In reaction to Jobs' announcement, Microsoft will marshall all its resources to produce the Windows Not Stupid, and will have Steve Balmer demonstrate a prototype at the CES. The prototype will pretty much look and perform like a Kindle. The masses will rush to buy the Windows Not Stupid. Amazingly enough, the mere fact that they buy it proves that the product has a glitch. While Microsoft works to develop Windows Not Stupid 2, Apple will actually release the iKnotStupid, which is a rope to tie up people who otherwise would rush off to buy electronic gewgaws right after CES.

Or who might try to cook soup.

Monday, January 4, 2010

Words...back at you

It's been said that there are three things that don't return: the spent arrow, the spoken word, and the missed opportunity. I've never tried archery, and have pretty much taken the position that a missed opportunity wasn't meant to be anyway. The spoken word? Unfortunately, words seem to come back to haunt us again and again.

Does it matter who is throwing our words back at us, spouse, partner, child, parent, or friend? Not really. It rarely feels good to have our words thrown back at us by anyone, ignoring context, intent, and any possibility of mistaken interpretation.

I have grown especially tired of being told that someone has "tried it my way" and it didn't work. Inevitably such cases are characterized by people who were looking for an easy fix rather than a new approach. Often the "my way" that was attempted was a half-assed version done without full understanding or thought about possible consequences. The verdict still comes back: we did it your way and it failed.

Upon further thought, I think understand the wisdom of the old saying. Once words have left your mouth, you never have a chance to get them back under control. Others can twist and manipulate and distort those words to their heart's content, adding insult to injury with the pronouncement, "You said it."

I'd resolve to remain mute, but there's no way I'd be able to pull it off anyway. Guess I'll stick to more pedestrian resolutions, like losing some additional weight. In that task, perhaps the bitterness of eating my words will be of some assistance.

Sunday, January 3, 2010

The last game of the season...

The last game of the National Football League regular season took place earlier this evening. The final position in the upcoming playoffs was at stake. However, I didn't see the game because I was at a church meeting. I hate church meetings.

Growing up, the NFL season was a center point of my existence. I lived and figuratively died with the Green Bay Packers. Given their record in the 1960's, I lived more often than not. The weekly NFL game broadcast on Sunday was a highlight, even though it usually featured the hated Chicago Bears. At least it was football.

The problem was, I was expected to attend church on Sunday morning. Though the games didn't start until noon, the worship service often ran much longer than an hour. By the time we drove home from downtown Indianapolis, we had usually missed a significant portion of the game. I know that I was spiritually immature. I should have willingly embraced our dear pastor's rambling, 45 minute diatribes. But I didn't want to.

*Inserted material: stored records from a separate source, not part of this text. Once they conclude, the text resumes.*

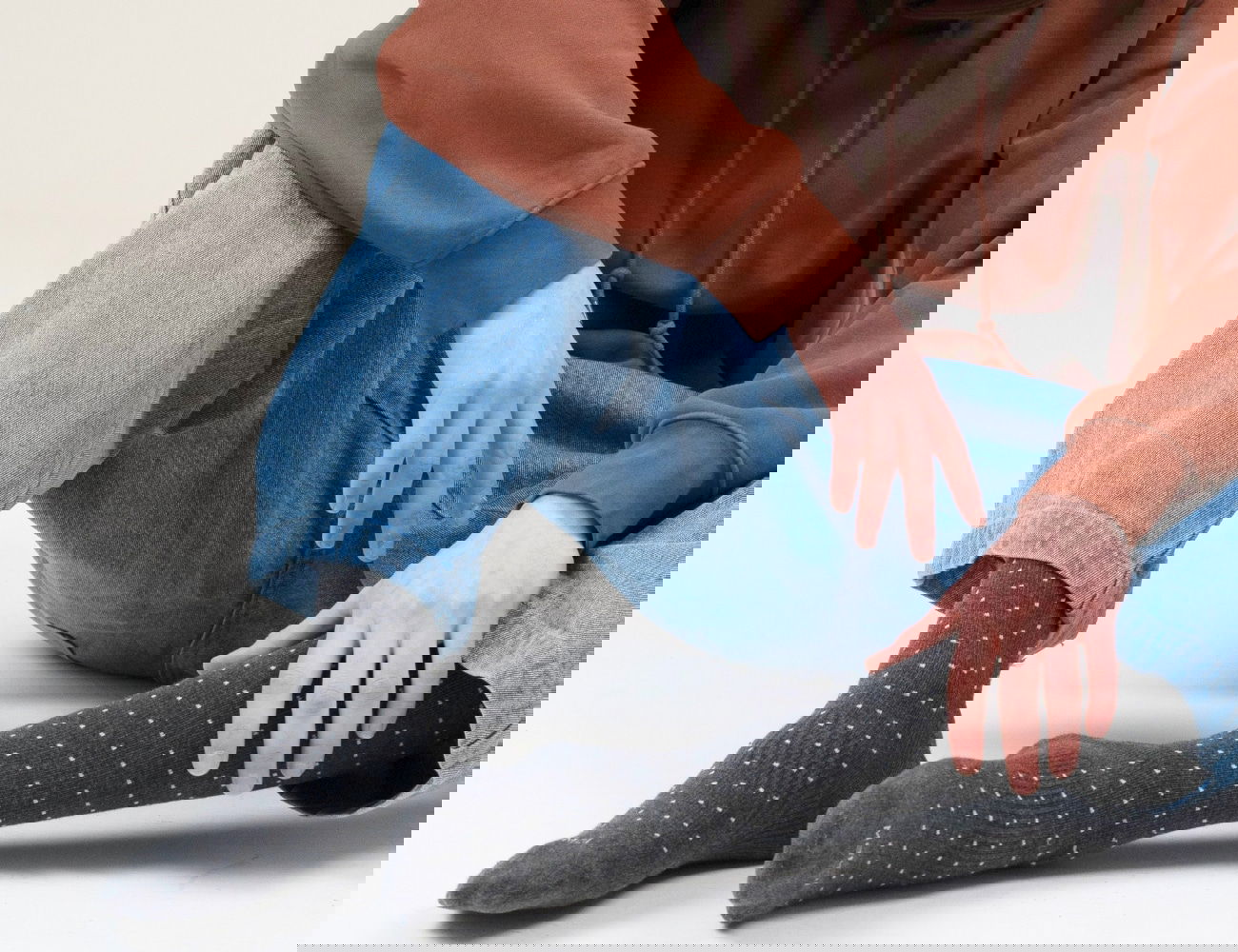 Πακέτο 3 Κάλτσες  Συμπίεσης με Βαμβάκι 15-20 mmHg – σε δύο σχέδια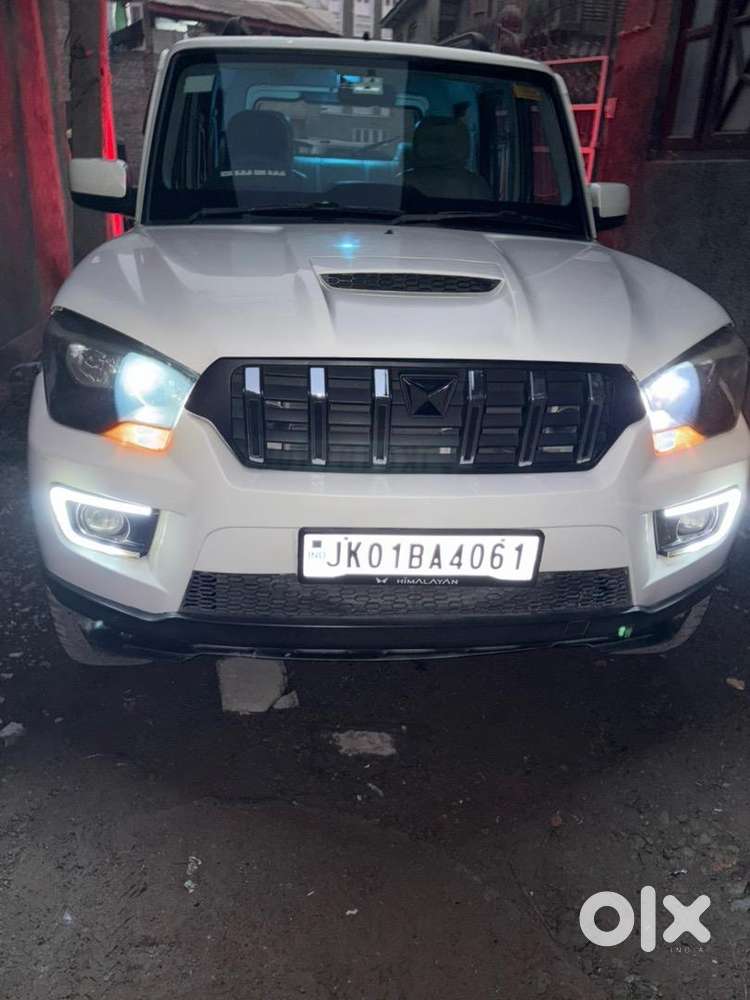 Mahindra Scorpio 2017 Diesel 65000 Km Driven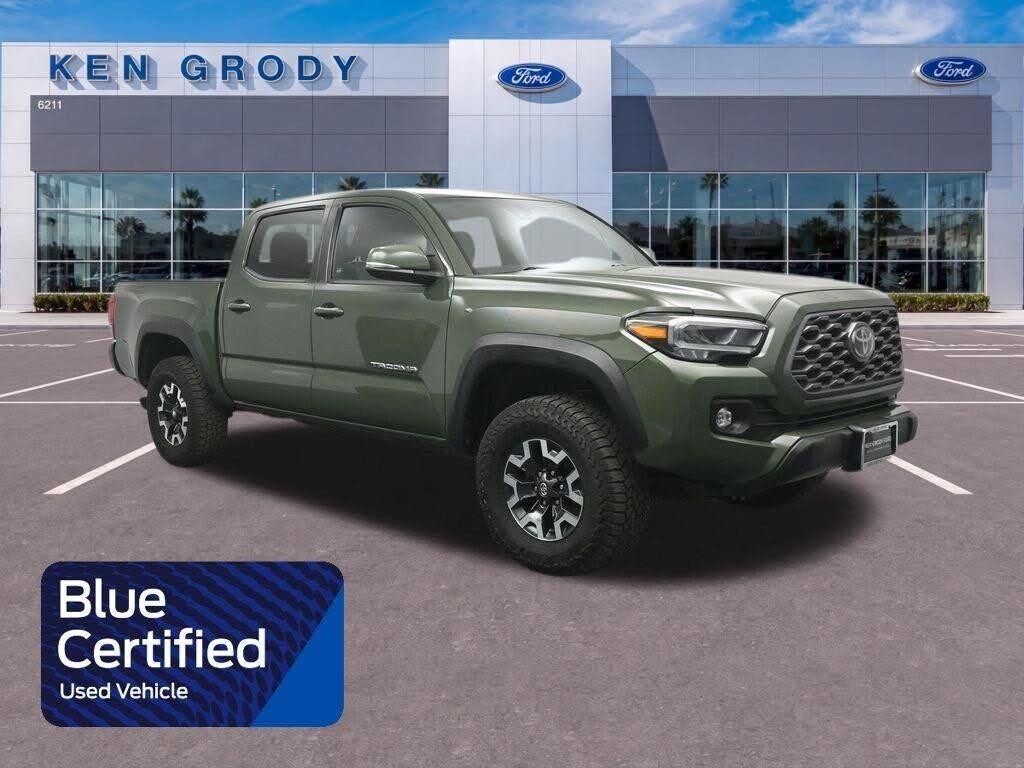 2022 Toyota Tacoma TRD Off-Road — photo 1 of 1
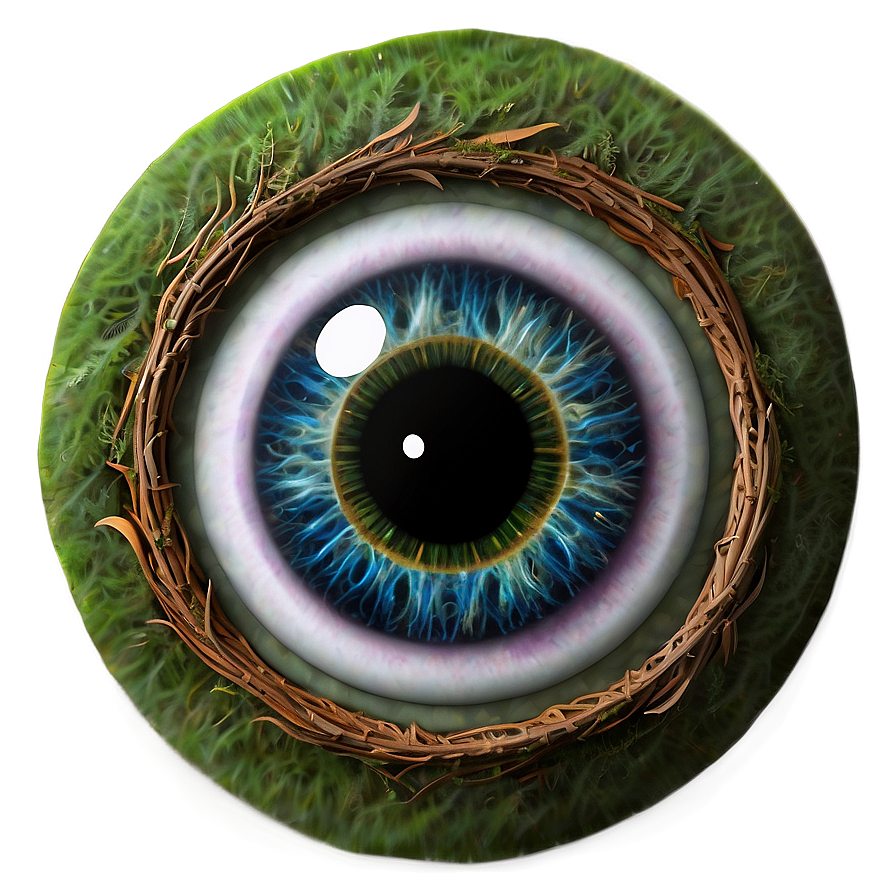 Fantasy Eye Creature Png Nte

When I was old enough to make my own choices, I moved my membership to a church that had 45 minute services featuring 12 minute sermons. I never missed the opening kick-off, and thus became a much more willing church participant.

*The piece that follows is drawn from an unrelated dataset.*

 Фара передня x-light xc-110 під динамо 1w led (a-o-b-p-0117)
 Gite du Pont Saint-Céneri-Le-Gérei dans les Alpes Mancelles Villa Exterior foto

Through the years, being in ministry, I've missed lots of kickoffs. I've been held hostage by churches and ministers who scheduled events on Super Bowl Sunday just so people would have to choose to miss the game. Of course, the spiritually mature would choose wisely.

I have come to the conclusion that I will never mature. Some part of me will always compare the pastoral prayer and the sermon to the opening kickoff. The kickoff is more exciting.

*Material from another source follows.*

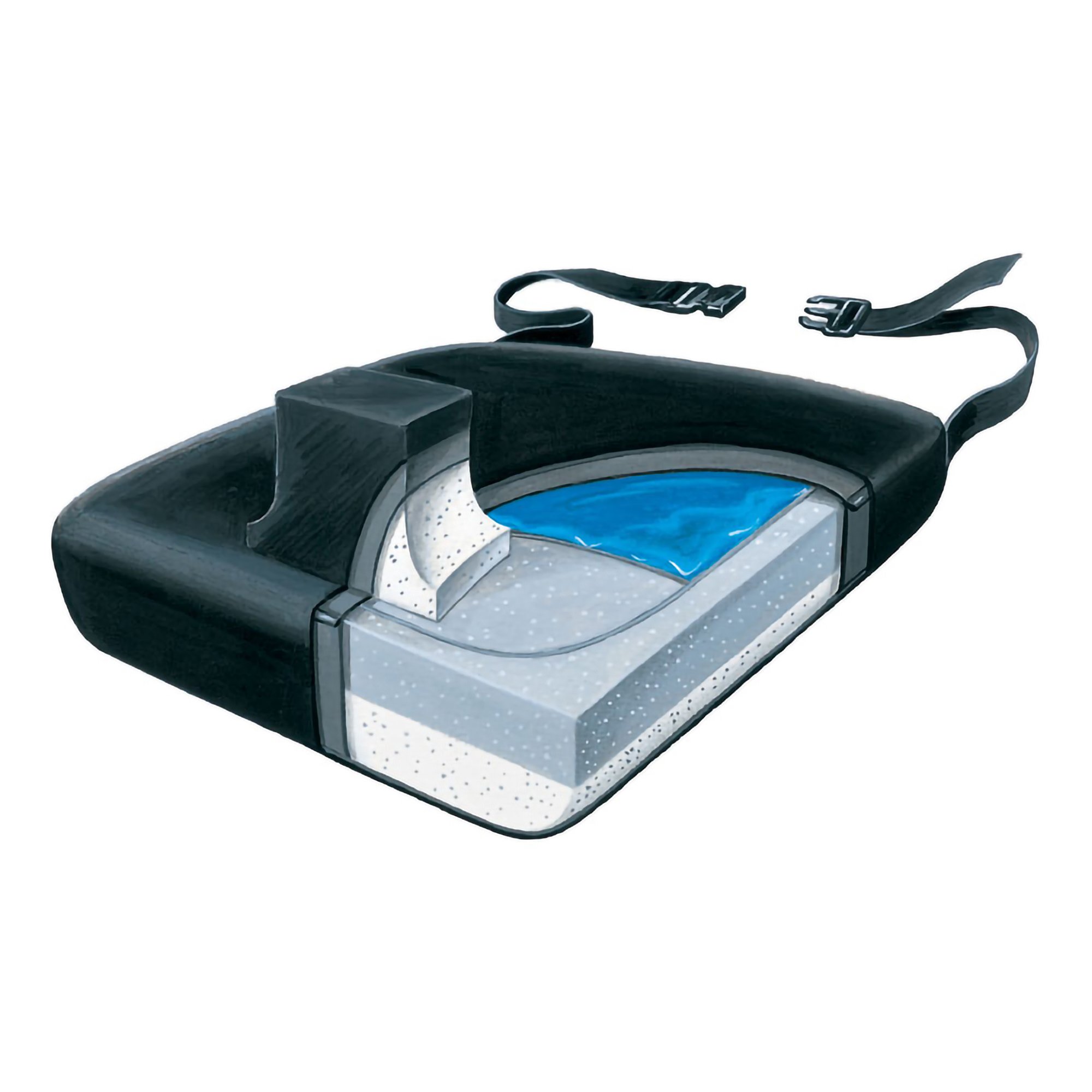 Skil-Care - 758010 SkiL-Care™ Gel / Foam Leg Abductor Cushion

Some new teams are in the playoffs this year, which is fun. Sadly, the same people were at the meeting tonight that attend all church meetings. In tackling the agenda we witnessed unnecessary roughness, blocks in the back, and late hits. Sadly, there were no winners in the end. When the whistle blew, the only thing agreed upon was to have another meeting. Maybe I'll be lucky enough to contract swine flu by then. After all, there might be a game on.